# zTensor File Format
**Version 0.1.0**
zTensor is a binary format for storing large multi-dimensional arrays (tensors), designed for efficient, safe, and flexible access. It supports raw and compressed (zstd) encodings, quantized and sparse layouts, and is extensible.
For dense tensors stored with encoding: "raw" and matching endianness, zTensor enables zero-copy access to tensor data.
## File Layout
```
+-------------------------------+
| Tensor Blob 0 (aligned) |
+-------------------------------+
| Padding (if needed) |
+-------------------------------+
| Tensor Blob 1 (aligned) |
+-------------------------------+
| ... |
+-------------------------------+
| CBOR Metadata Array |
+-------------------------------+
| CBOR Array Size (8 bytes) |
+-------------------------------+
```
- **Magic Number:** ASCII "ZTEN0001" at offset 0.
- **Tensor Blobs:** Each tensor's data, starting at a 64-byte aligned offset. No per-blob headers. Padding (undefined value, usually zero) is inserted as needed.
- **CBOR Metadata Array:** At the end of the file, a CBOR-encoded array of metadata maps (one per tensor).
- **CBOR Array Size:** Last 8 bytes, little-endian uint64, gives the size of the CBOR array.
## Tensor Metadata (CBOR Map)
Each tensor's metadata is a CBOR map with these required fields:
- `name` (string): Tensor name.
- `offset` (uint64): Absolute file offset to tensor data (multiple of 64).

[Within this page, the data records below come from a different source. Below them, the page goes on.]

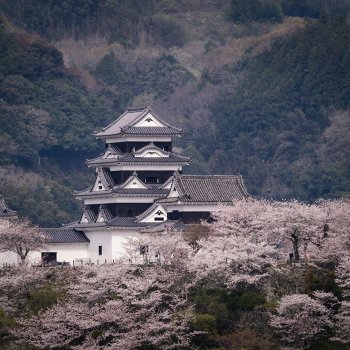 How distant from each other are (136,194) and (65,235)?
3.04 m

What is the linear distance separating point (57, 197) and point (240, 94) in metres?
17.2

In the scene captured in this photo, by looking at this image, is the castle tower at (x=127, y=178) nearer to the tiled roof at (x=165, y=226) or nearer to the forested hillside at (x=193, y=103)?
the tiled roof at (x=165, y=226)

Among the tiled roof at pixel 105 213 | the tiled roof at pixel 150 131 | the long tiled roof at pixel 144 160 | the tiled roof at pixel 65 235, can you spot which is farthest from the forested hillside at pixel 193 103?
the tiled roof at pixel 65 235

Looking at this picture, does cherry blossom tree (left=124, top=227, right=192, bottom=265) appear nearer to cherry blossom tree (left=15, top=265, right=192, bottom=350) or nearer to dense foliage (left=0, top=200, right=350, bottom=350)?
dense foliage (left=0, top=200, right=350, bottom=350)

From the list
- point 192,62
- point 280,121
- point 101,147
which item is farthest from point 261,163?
point 192,62

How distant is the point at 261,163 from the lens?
97500mm

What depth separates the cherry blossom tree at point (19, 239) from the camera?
197ft

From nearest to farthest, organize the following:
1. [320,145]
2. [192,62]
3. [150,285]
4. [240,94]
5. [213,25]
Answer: [150,285] → [320,145] → [240,94] → [192,62] → [213,25]

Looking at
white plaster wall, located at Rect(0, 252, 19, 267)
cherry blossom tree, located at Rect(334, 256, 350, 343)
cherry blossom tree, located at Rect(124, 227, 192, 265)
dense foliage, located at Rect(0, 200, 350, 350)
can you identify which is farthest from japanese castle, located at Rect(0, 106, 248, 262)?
cherry blossom tree, located at Rect(334, 256, 350, 343)

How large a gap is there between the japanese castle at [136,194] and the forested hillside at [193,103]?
55.0ft

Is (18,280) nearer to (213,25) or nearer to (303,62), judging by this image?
(303,62)

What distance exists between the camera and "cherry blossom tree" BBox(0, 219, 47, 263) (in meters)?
60.1

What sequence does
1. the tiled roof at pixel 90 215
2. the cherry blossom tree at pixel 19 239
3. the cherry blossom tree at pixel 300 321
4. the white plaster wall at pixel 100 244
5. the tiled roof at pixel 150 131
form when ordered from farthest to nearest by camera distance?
the tiled roof at pixel 150 131 → the tiled roof at pixel 90 215 → the white plaster wall at pixel 100 244 → the cherry blossom tree at pixel 19 239 → the cherry blossom tree at pixel 300 321

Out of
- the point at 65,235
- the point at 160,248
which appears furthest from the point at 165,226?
the point at 65,235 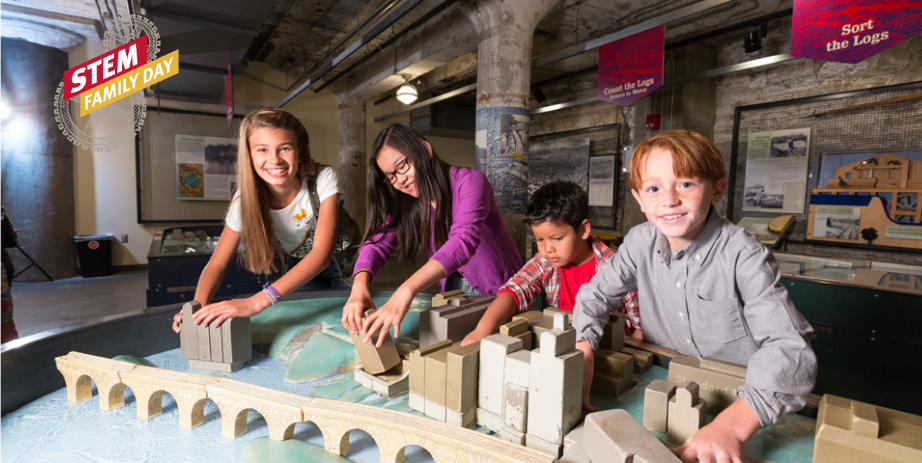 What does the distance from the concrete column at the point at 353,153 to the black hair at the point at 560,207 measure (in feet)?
23.0

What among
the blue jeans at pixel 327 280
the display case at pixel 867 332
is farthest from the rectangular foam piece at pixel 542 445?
the display case at pixel 867 332

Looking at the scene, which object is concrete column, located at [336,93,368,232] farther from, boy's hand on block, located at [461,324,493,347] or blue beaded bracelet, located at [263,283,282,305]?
boy's hand on block, located at [461,324,493,347]

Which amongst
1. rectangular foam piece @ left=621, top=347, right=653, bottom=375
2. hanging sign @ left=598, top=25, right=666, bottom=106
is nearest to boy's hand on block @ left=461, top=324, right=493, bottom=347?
rectangular foam piece @ left=621, top=347, right=653, bottom=375

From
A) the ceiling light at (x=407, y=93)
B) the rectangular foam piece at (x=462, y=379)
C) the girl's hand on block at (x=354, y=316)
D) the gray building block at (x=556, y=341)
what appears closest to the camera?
the gray building block at (x=556, y=341)

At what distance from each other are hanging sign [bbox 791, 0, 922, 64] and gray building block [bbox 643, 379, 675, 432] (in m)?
2.38

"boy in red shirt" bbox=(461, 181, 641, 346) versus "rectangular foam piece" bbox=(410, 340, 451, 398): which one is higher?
"boy in red shirt" bbox=(461, 181, 641, 346)

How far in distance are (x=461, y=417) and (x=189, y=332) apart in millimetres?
856

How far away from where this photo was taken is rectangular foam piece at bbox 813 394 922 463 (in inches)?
23.4

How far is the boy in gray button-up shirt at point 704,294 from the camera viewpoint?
2.47ft

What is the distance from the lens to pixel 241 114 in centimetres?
749

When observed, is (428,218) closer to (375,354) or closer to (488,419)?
(375,354)

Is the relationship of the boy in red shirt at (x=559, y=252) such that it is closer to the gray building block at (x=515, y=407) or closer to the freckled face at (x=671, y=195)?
the freckled face at (x=671, y=195)

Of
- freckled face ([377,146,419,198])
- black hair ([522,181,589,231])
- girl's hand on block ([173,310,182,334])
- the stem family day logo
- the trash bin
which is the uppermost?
the stem family day logo

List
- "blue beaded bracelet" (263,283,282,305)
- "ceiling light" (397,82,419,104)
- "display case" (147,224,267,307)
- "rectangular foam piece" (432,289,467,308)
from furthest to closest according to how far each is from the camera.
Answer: "ceiling light" (397,82,419,104), "display case" (147,224,267,307), "blue beaded bracelet" (263,283,282,305), "rectangular foam piece" (432,289,467,308)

- `size` (uint64): On-disk size in bytes (compressed if applicable).
- `dtype` (string): Data type (see below).
- `shape` (array): Array of dimensions (empty for scalar).

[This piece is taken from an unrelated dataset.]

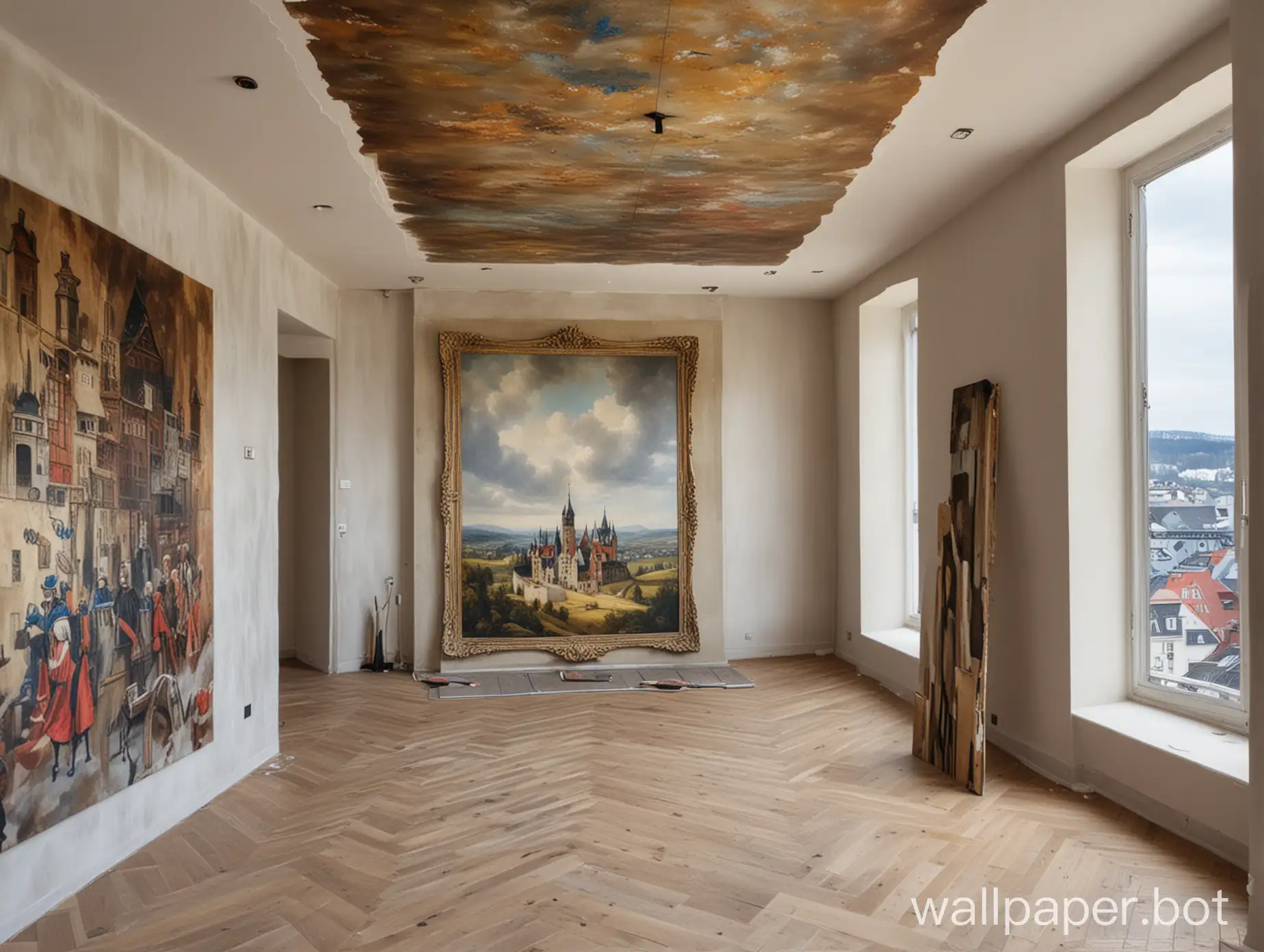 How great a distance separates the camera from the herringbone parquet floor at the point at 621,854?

- `encoding` (string): Data encoding (see below).
- `layout` (string): "dense" (default) or "sparse". For sparse, see below.
Optional fields:
- `data_endianness` (string): "little" or "big" (default: little, for raw multi-byte types).
- `checksum` (string): e.g., "crc32c:0x1234ABCD" or "sha256:...".
- Custom fields are allowed; unknown keys are ignored by readers.
## Supported Data Types (`dtype`)
- `float64`, `float32`, `float16`, `bfloat16`
- `int64`, `int32`, `int16`, `int8`
- `uint64`, `uint32`, `uint16`, `uint8`
- `bool`
## Supported Encodings (`encoding`)
- `raw`: Direct binary dump of tensor elements (with `data_endianness` if multi-byte).
- `zstd`: Zstandard-compressed data. `size` is compressed size.
## Layouts
- `dense` (default): Standard contiguous tensor data.
- `sparse`: Data is stored in a sparse format. The metadata map must include a `sparse_format` field (e.g., "csr", "coo") and any additional fields required to describe the sparse structure (such as index arrays, indptr, etc.).
## Index Reading
To read the index:
1. Read the last 8 bytes for the CBOR array size.
2. Seek backwards by that amount to read the CBOR metadata array.
As a result, the start offset of the metadata is: (file size) - (size of the metadata) - (8 byte).
## Zero-Tensor Files
A valid zTensor file may contain zero tensors:
- 8 bytes magic, 1 byte empty CBOR array (`0x80`), 8 bytes size (`0x01...00`).
- Total: 17 bytes.
## Extensibility
- New `dtype`, `encoding`, and `layout` values may be added in future versions.
- Custom metadata fields are allowed; unknown fields are ignored.
## Notes
- All offsets are absolute and account for the 8-byte magic number.
- All tensor data blobs are 64-byte aligned.
- No per-blob headers; all metadata is in the CBOR array at the end of the file.
- For `encoding: "raw"` and multi-byte `dtype`, data is little-endian unless `data_endianness` is specified.
- For sparse tensors, the metadata must fully describe the sparse structure.